Dichtung oder Wahrheit? Babyboom nach Naturkatastrophen

Berlin (dpa) - Überflutungen, Schneestürme, flächendeckender Stromausfall: Immer wieder heißt es, dass neun Monate nach Katastrophen mehr Babys geboren würden. Statistisch ist ein solcher Zusammenhang allerdings schwer zu beweisen.

Fragen und Antworten:

Was sagen die Zahlen?

Neun Monate nach den beiden spektakulären New Yorker Blackouts von 1965 und 1977 berichteten die Medien über Kreißsäle, in denen es dreimal so viele Geburten gegeben haben soll wie zuvor. Statistiker jedoch sagen, dass sich daraus kein allgemeiner Babyboom ableiten lasse. Ausreißer an einzelnen Krankenhäusern seien etwas völlig Normales.
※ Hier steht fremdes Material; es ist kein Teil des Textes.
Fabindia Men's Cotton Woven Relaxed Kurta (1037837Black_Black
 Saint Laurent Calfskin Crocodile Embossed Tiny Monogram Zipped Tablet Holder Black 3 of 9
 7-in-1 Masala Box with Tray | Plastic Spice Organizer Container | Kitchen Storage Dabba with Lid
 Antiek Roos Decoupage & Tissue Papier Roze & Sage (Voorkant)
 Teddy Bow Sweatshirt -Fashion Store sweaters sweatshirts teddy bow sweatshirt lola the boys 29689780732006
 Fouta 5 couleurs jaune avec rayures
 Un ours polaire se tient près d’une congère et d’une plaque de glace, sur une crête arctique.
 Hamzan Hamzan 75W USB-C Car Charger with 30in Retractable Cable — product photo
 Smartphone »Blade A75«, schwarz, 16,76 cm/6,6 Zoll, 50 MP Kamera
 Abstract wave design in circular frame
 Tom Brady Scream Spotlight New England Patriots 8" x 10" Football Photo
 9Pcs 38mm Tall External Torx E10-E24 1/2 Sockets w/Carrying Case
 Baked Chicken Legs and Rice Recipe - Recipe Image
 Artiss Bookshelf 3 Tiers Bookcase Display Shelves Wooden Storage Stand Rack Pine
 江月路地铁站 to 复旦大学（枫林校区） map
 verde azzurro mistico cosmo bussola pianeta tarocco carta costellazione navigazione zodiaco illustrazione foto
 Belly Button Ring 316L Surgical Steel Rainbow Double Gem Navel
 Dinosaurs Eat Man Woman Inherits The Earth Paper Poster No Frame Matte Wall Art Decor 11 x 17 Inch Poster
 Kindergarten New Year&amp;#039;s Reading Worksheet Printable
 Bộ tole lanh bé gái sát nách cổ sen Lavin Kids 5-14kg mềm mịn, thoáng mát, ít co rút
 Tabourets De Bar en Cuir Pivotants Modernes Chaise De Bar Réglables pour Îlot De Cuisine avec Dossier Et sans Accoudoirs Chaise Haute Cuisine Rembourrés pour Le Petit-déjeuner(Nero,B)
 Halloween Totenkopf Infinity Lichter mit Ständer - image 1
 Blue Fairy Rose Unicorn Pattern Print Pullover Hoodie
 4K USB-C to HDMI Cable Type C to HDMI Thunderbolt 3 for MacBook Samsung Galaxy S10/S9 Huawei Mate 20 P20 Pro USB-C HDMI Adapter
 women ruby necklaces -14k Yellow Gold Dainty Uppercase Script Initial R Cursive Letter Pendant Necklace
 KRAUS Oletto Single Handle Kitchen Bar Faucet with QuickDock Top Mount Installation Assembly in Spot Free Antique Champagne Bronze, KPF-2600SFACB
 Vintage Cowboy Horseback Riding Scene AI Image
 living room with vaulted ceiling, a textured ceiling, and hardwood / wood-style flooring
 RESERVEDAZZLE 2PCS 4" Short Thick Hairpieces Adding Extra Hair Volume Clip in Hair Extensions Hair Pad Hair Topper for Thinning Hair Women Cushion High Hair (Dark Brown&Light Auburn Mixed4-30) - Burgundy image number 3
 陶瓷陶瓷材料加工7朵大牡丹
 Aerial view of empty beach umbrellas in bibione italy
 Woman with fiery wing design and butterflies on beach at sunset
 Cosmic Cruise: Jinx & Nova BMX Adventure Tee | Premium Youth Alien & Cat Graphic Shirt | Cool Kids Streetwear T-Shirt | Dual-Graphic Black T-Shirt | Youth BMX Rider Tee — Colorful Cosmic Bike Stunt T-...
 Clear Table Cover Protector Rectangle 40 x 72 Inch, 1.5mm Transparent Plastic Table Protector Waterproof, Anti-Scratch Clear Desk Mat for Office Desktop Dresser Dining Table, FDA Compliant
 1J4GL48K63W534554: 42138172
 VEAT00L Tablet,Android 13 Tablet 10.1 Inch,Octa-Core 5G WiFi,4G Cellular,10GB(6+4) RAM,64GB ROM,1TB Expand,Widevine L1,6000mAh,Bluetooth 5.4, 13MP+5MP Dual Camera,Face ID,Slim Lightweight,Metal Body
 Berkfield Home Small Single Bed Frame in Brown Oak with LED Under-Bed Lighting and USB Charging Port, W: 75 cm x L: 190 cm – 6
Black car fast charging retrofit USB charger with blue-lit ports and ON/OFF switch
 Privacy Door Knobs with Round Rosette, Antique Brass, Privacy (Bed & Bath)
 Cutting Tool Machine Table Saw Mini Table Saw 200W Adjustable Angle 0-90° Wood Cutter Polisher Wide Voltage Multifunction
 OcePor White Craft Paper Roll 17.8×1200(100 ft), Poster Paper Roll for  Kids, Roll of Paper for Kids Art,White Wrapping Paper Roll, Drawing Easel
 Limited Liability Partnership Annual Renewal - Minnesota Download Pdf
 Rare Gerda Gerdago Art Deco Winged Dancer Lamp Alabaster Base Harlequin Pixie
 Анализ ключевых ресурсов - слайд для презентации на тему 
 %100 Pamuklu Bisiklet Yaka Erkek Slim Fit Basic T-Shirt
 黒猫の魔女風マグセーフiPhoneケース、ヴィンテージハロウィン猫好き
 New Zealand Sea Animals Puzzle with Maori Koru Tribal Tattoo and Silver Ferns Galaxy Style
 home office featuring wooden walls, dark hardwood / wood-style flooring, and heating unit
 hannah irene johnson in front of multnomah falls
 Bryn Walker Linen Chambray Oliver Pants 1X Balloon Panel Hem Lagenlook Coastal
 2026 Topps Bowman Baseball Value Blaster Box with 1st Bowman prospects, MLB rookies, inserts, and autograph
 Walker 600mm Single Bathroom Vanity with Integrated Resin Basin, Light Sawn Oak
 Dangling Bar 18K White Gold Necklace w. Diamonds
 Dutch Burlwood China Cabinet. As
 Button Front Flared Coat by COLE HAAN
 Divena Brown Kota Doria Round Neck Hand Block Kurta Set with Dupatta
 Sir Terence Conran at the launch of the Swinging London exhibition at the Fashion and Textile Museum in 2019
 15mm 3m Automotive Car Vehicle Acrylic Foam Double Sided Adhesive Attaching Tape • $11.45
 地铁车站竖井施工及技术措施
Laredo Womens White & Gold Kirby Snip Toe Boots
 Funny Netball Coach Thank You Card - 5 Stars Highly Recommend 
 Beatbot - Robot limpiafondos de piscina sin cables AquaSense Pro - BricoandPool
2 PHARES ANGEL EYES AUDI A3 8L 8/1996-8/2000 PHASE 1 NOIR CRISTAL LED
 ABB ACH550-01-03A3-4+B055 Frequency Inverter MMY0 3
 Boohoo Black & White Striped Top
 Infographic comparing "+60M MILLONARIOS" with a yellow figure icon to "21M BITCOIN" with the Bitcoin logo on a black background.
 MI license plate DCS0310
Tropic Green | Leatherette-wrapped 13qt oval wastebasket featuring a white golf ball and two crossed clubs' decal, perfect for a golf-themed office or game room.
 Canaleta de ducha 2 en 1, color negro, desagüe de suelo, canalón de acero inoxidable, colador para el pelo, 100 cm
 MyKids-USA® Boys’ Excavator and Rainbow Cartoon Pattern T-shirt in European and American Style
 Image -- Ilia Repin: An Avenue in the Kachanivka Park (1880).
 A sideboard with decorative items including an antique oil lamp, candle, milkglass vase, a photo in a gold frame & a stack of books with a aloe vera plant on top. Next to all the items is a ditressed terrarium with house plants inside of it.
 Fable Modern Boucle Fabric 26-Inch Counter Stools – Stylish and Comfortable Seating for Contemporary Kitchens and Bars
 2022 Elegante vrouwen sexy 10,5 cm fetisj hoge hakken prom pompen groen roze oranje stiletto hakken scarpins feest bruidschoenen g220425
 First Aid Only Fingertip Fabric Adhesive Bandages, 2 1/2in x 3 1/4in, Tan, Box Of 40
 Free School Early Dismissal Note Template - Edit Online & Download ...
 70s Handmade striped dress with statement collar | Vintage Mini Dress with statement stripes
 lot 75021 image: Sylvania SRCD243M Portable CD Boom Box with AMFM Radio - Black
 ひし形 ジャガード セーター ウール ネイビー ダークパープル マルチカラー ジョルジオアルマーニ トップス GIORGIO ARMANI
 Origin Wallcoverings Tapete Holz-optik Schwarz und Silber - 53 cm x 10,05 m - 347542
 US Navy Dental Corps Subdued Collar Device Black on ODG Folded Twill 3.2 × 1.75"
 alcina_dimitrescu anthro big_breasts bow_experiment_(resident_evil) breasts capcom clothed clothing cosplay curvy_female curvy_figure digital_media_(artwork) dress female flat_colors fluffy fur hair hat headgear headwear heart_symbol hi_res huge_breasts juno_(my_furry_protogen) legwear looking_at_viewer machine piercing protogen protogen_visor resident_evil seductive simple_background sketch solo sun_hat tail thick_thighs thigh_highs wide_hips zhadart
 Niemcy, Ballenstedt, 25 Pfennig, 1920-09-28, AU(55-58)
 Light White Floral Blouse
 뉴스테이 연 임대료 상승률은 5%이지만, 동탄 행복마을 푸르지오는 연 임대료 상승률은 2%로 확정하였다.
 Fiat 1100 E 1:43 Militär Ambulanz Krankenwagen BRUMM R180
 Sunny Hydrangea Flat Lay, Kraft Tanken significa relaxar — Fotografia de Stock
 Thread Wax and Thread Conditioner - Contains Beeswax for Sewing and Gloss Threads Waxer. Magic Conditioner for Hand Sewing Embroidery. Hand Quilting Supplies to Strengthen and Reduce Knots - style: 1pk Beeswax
Die Gesamtstatistik für den jeweils infrage kommenden Geburtenzeitraum habe keine ungewöhnlichen Abweichungen ergeben. Dasselbe gilt für das Schneechaos, das Ende 2005 das Münsterland tagelang lahmlegte. Vereinzelte Boom-Zahlen aus einigen Krankenhäusern wurden später in der Gesamtrückschau vom Statistischen Landesamt widerlegt.

Bringen Katastrophen Menschen näher zusammen?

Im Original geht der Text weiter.